> _YOUR GOAL_: Keep every line in which "Best" occurs and drop the rest of the data.

> _DATA SUPPLIED_:
- Opening Delimiter -
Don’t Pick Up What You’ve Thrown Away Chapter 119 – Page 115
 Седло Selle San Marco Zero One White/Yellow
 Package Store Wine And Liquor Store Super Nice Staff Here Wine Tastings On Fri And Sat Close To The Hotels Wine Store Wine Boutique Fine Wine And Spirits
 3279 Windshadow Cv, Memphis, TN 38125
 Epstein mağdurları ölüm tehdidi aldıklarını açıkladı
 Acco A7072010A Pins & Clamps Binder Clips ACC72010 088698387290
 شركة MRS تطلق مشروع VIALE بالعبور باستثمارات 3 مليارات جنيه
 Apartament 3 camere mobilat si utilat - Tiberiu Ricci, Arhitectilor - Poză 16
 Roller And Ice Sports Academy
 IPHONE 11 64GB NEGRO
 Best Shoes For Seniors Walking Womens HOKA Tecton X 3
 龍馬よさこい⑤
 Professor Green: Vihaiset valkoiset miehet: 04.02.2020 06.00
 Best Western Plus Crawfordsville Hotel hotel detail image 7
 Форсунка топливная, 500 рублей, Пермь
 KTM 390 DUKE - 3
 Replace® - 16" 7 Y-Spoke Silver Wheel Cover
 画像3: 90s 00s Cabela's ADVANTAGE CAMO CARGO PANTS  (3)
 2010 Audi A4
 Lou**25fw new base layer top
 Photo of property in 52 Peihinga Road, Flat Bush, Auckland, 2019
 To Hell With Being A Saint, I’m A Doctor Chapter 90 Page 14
- Closing Delimiter -
> _RESULT_:
 Best Shoes For Seniors Walking Womens HOKA Tecton X 3
 Best Western Plus Crawfordsville Hotel hotel detail image 7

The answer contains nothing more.